[R-lang] Re: Contrast coding for a factor with more than 2 levels

Henrik Singmann Mon, 26 Sep 2016 07:46:12 -0700

PS: I apologize that this might have went out 4 times (!). There seemsto be a problem with my mail client and gmane. I hope you only receivethis mail once.


Am 26.09.2016 um 16:16 schrieb Henrik Singmann:

Dear all,


I am somewhat late to the party (was traveling until yesterday), but
would also like to add my two cents to this discussion. Especially as
afex was mentioned here.

afex::mixed() indeed essentially does what is suggested here: It creates
numerical variables from your factors and fits them in a sequential
manner such that you get tests of all effects. To get the likelihood
ratio tests you want you need to set method = "LRT" in the call to mixed
(the default method, "KR", uses Kenward-Roger for p-values which is not
appropriate for GLMMs, "PB" can also be used for GLMMs, which is
parametric-bootstrap).

In contrast to Dale's suggestion mixed per default uses R built in
factor types, specifically contr.sum() (i.e., sum-to-zero) contrasts
which only use 1 and -1 as values. To create the variables it then uses
model.matrix() and works from there.

I am not quite sure I agree with Daniel's point. The described procedure
tests the NULL hypothesis of an effect at the (unweighted) mean of the
other effects. I do not see how this should be nonsensical. In a
factorial design this amounts to assuming that the other factors have no
effect (i.e., there are no deviations from the unweighted grand mean
produced by the levels of other factors).

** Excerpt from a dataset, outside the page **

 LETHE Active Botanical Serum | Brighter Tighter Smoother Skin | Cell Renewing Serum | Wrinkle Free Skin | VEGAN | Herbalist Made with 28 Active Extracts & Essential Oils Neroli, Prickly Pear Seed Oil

Finally, as many have noted, the problem is that one cannot remove lower
order effects in R via the formula interface. A quick example (using lm)
can be found here: http://stackoverflow.com/q/11335923/289572
This behavior unfortunately generalizes to all interaction orders and
and also model types (lm, lmer, glmer, ...). This behavior is also the
reason why I developed afex:mixed(), to solve exactly this problems. If
there are other modeling functions which are as useful as lmer or glmer,
please let me know so I can make sure to also add the automatic testing
for those functions.

In contrast to Dale I believe that the probability of committing an
error when making the numeric variables by hand is higher then letting
an algorithm do that.

Cheers,
Henrik



Am 19.09.2016 um 13:56 schrieb Dale Barr:


Hi Rachel,

I don't recommend using the built in 'factor' type variables when using
R linear model functions, because weird things happen when you try to
drop things out of a model that includes interactions.  It is better to
create your own numeric predictors, e.g.:

## create centered predictor for listener
## NB: replace 'somelevel' with name of one of levels of your var
SoleTrain$L <- (SoleTrain$Listener == "somelevel") -
  mean(SoleTrain$Listener == "somelevel")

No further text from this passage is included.